Do you define your character by his class or his role? We continue to look at roles in 4e and their defining characteristics. We’ve already explored the idea of how to make the Fighter a striker and we pondered whether the roles could be redefined. But this is just the tip of the iceberg when it comes to looking at roles. Since this is a new element in 4e perhaps it can be done better. We think there is room to introduce some new house rules around roles, but before we start developing them we thought it prudent to take a deeper look at how the existing presentation of roles affect the game.
As is stands there are four roles available to characters: controller, defender, leader and striker. Wizards of the Coast has given no indication that further roles will become available with future supplements. Currently the only way to take advantage of a role is by selecting the character class its associated with. Each of the character classes is divided up into one of the four roles and is granted certain benefits as class features. It’s those class features that I want to look at now.

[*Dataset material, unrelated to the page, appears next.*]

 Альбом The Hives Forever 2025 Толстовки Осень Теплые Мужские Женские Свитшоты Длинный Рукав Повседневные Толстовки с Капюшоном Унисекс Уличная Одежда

Defenders encompass the Fighter, Paladin, Swordmage and Warden. They are physically tough and are able to mark their opponents. Defenders are often referred to as “sticky” because enemies find it difficult to break away from them once marked. The ability to mark an opponent is a feature shared by all defender classes, even though they are all a little bit different.
Strikers are designed to hit single targets hard and fast. They do a large amount of damage to one opponent. All strikers, with the exception of the Avenger, deal some form of additional damage. Be it sneak dice, hunter’s quarry or Warlock’s curse. This extra damage is defined by their role but tied directly to their class.

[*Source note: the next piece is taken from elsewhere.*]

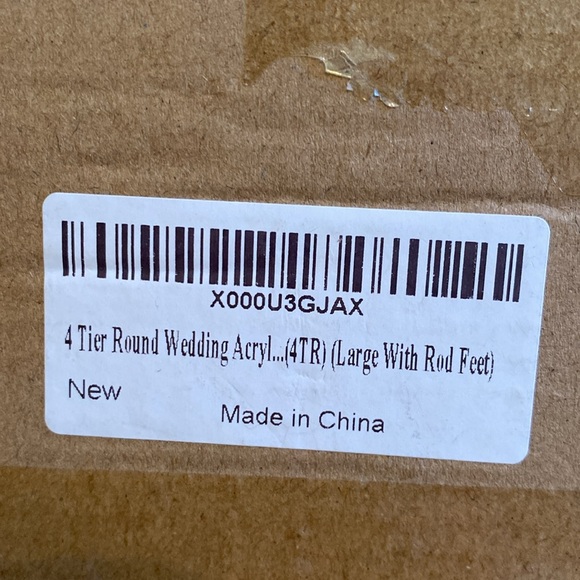 Cupcake Stand,4-Tier Round Acrylic Display Stand Dessert Tower Stand. NWT - Picture 5 of 5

Leaders are healers. This means you don’t have to play the Cleric to be the party healer. It also means that a party can have several members of different classes capable of healing. Every leader has a class ability that allows a PC to burn healing surges and gain additional hit points in the process.

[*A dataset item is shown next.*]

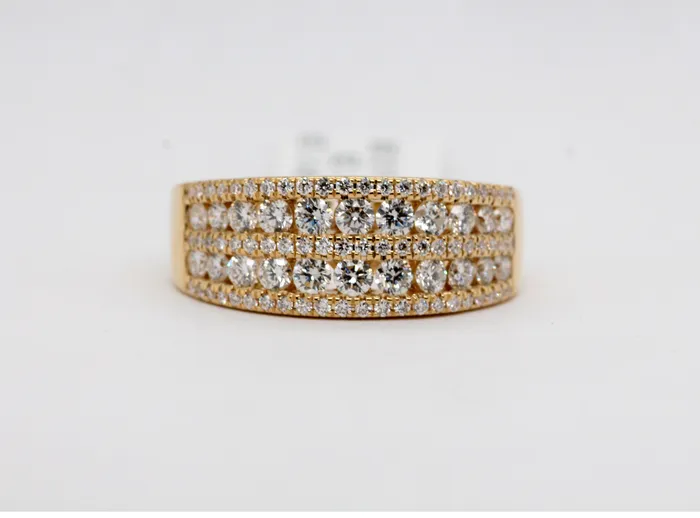 Rings ARYAS COLLECTION INC 14KY 125 Cttw 5 Row Diamond Ring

Finally, there is the controller. Controllers are adept at manipulating the battlefield and devastating their opponents with crippling conditions. They are also known as minion killers. Unlike the other roles, the controller does not have a defining class feature that is shared amongst all controllers. The controller’s feature of affecting multiple targets is gained from the powers they select, not the class or the role. In this they are different than the other three roles.
So what does all this mean? For starters, none of this information is earth shattering. It’s clearly laid out in the PHB and PHB2. However, as we look at the issue of roles and how they can be better implemented we need to ask what defines the role. In three of the four roles we can see that there is a clear role-defining feature. So when we consider if the Fighter can be a striker we need to ask if he would still get his ability to mark opponents if he were a striker. Or does he gain some other benefit?
Does the Rogue who wants to be a brash street thug still get sneak dice if he wants to select a defender template? Sneak dice have been a defining feature of the Rogue class for years, so it could be argued that it shouldn’t be removed regardless of role. The same holds true with the Ranger’s ability to deal extra damage with hunters quarry. Hunter’s quarry is essentially the 4e version of favoured enemy, an ability that the ranger class has had for years.
As we continue to look at how roles can be reworked in 4e, and whether or not selecting role should become a choice made during character creation rather than a pre-designed template, we need to be careful not to remove the defining aspects of certain classes.
When we consider defenders, leaders and strikers it’s easy to identify distinguishing class features. But this does not seem to be true of controllers? As there is no shared power or class defining feature for controllers, what would a Bard gain by foregoing the leader role and selecting a controller template?
Over then next few weeks we will provide a breakdown of the roles as they currently exist. We’ll provide various house rules about how to incorporate roles and apply them to non-traditional classes. The aim of this initiative is to increase the flexibility and usability of the role system and to provide players with more choices.